57.   De même, l’avocat général Tizzano, dans ses conclusions dans l’affaire Lyckeskog (36), a préféré comprendre l’arrêt CILFIT e.a. en ce sens qu’il invite le juge national à une prudence particulière avant d’écarter l’existence de tout doute raisonnable.

58.   Au vu de tous ces arguments, la Cour doit assumer ses responsabilités et rectifier la jurisprudence CILFIT e.a. ou, du moins, nuancer son contenu, pour l’adapter aux exigences de l’époque, étant donné que seule une exégèse moins stricte de l’arrêt répondrait aux nécessités de la collaboration judiciaire; il faut tenir compte à cet égard du fait que le degré de connaissance du droit communautaire par les juridictions nationales a augmenté de façon significative depuis l’année 1983. Après 22 ans d’application, il est temps de revenir sur une jurisprudence qui a rempli sa fonction dans un contexte historique bien déterminé de la Communauté, mais qui s’est trouvée dépassée par le degré d’évolution de l’ordre juridique communautaire.

59.   De même, l’augmentation prévisible des affaires introduites auprès de la Cour, au rythme des nouvelles adhésions, et la saturation que provoquerait une application rigoureuse de l’arrêt CILFIT e.a. militent en faveur de solutions réattribuant certaines compétences aux juridictions nationales. En effet, la réorganisation du dialogue juridictionnel au moyen d’une interprétation adéquate de l’article 234 CE contribuerait, selon toute probabilité, à ce que l’activité de la haute juridiction communautaire se concentre sur les affaires soulevant un point d’importance générale, ce qui favoriserait sa propre jurisprudence (37).

2.      La théorie de l’arrêt Foto-Frost

60.   La Cour a infléchi la faculté de la saisir à titre préjudiciel, conférée aux juridictions nationales visées à l’article 234, deuxième alinéa, CE, en en faisant, dans certains cas, une obligation semblable à celle qui pèse sur les juridictions statuant en dernier ressort. Plus exactement, l’arrêt Foto-Frost, que j’ai précédemment évoqué, a retiré aux juridictions nationales dont les décisions sont susceptibles d’un recours juridictionnel de droit interne le «pouvoir de déclarer invalides les actes des institutions communautaires» (38).

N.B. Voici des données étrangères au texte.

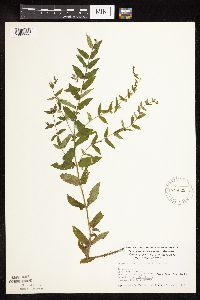 Scutellaria galericulata image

61.   Les motifs de cet arrêt sont à tel point connus qu’ils n’ont pas besoin d’être repris; il suffira de les rappeler par une énumération sommaire.

62.   Tout d’abord, la Cour évoque le risque de voir les divergences entre les juridictions des États membres quant à la validité des actes communautaires compromettre l’unité de l’ordre juridique communautaire, portant atteinte à l’exigence fondamentale de la sécurité juridique (39); elle fait état ensuite de la cohérence du système de protection juridictionnelle institué par le traité, qui a confié à la Cour le contrôle de la légalité au sein de l’Union européenne (40); enfin, elle affirme que, en vertu de l’article 20 du protocole sur le statut de la Cour, celle-ci est la mieux placée pour se prononcer sur la validité de ces actes, puisque cette disposition confère aux institutions le droit de défendre leur validité (41) dans les procédures pendantes à Luxembourg.

63.   Il convient de signaler également que l’arrêt Hoffmann-La Roche (42), qui a précédé la décision Foto-Frost, avait dispensé le juge national de l’obligation de saisir la Cour d’une question d’interprétation ou de validité soulevée dans une procédure en référé, à condition que les parties eussent la possibilité d’engager une procédure au fond, au cours de laquelle la question provisoirement tranchée pouvait être réexaminée et faire l’objet d’un renvoi préjudiciel (43). Il y a lieu d’observer que l’arrêt Foto-Frost admet également cette hypothèse comme unique exception à l’obligation de déférer à la Cour les questions de validité (point 19); toutefois, à la différence des conclusions de l’avocat général Mancini (44), il ne se réfère à aucun moment à l’arrêt Hoffmann-La Roche.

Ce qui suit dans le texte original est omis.